Adventure Time? More like Adventure Crime
Before the angry fans begin calling for my head, let me start with this: I love Adventure Time. I signed a petition for the show to be picked up by Nickelodeon back in 2008 when the pilot aired on Random! Cartoons. I took a picture next to a giant inflatable Jake at E3, and even got a brief conversation in with Pendleton Ward himself. It’s a silly show, but its random and unorthodox presentation style is downright charming.
All that said, Adventure Time – Legends of Ooo: Big Hollow Princess is one of the most disappointing games I’ve played in a long time. I knew that the upcoming DS title Hey Ice King! Why’d you steal our garbage?! was slated for this fall, but finding an unexpected Adventure Time title toward the top of the App Store charts was a fantastic surprise.
The only thing worse than a bad game is a bad game you expected to be good.
The strangest thing about Big Hollow Princess is how promising it seems from the first 60 seconds. It’s an old-school point-and-click adventure with visuals and voice acting that seems straight out of the original cartoon. Animations are smooth, and the acoustic guitar background is catchy. And then I realized that my first 60 seconds was close to one tenth of my total playing time.
Big Hollow Princess might be the easiest and shortest point-and-click adventure I’ve ever played. I grew up on children’s adventure games (such as Putt-Putt and Pajama Sam), and even those games put up a much larger challenge. The puzzles are about as rudimentary as it can get.
For example, toward the end of the game I found a bear that was hungry. Next screen? I find a honeycomb to feed him. Almost every puzzle in the game is solved by retrieving an item one to two screen away. The fact that the game offers a currency for hints (in this case, snails) is almost insulting.
Your goal is to stop the evil Ice King from freezing three of the land’s most popular princesses. While there are a handful of locations to travel as you move from princess to princess, each area will only take one to two minutes of your time.
The biggest problem with the adventure’s biggest assets, voice acting, is that it only applies to Finn, Jake, and the Ice King. All other NPCs that you meet (and there are a lot of them) are unvoiced. This led me to a strange disconnect that I’ve never felt before in a videogame. There’s simply nothing quite like listening to have a conversation while being forced to read the second half.
After my fifteen-minute adventure (it honestly might have been shorter than that), I found myself with nothing left to do. I decided to speed run through the game a second time to see just how short the game was at minimum, and clocked in at six and a half minutes. As much as it pained me to do so, I deleted the App as soon as the second run completed: Big Hollow Princess simply had nothing left to offer me.
It might seem like I’m being overly dramatic about such a small game, but there’s one thing in particular that really frustrates me: it isn’t free. Sure, it’s only 99 cents, but the game offers far too little content compared to the App Store’s fantastic library of budget apps to justify its price.

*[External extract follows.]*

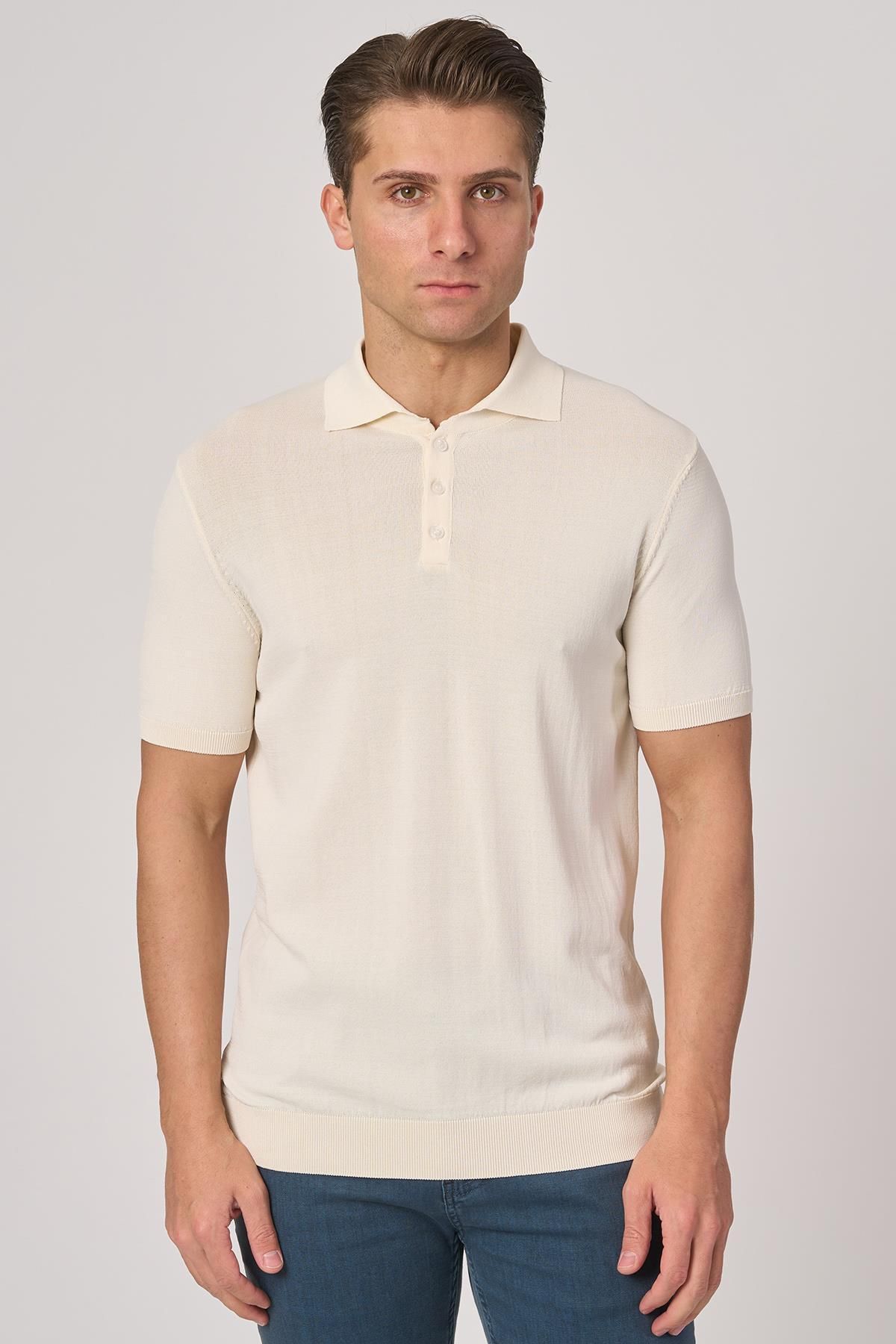 White Stone WHİTE STONE 2025-Y 25280 RAYON O YAKA DÜĞM. TSHIRT BEYAZ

It’s basically an advertisement for Adventure Time, anyways. It should be free.
Then, after a little searching, it dawned on me: it is free! The entire Big Hollow Princess game is available via Cartoon Network’s website, sans any voice acting. If you want to lead Finn and Jake through a short adventure for free, I highly recommend you check it out there. You’ll end up a lot less angry that way.
While I’ve definitely seen worse, Big Hollow Princess is still a pretty good example of a corporate cash-in. It’s current place near the top of the App Store charts nearly justifies their practice, too: people will buy anything as long as it has the Adventure Time name on it.
My advice to you? Don’t fall into the scheme. The visuals and audio are nice, but the game is insultingly short and only mildly interactive. Save your dollar for the dozens of other fantastic iOS titles out there, and play through the ten-minute adventure for free online.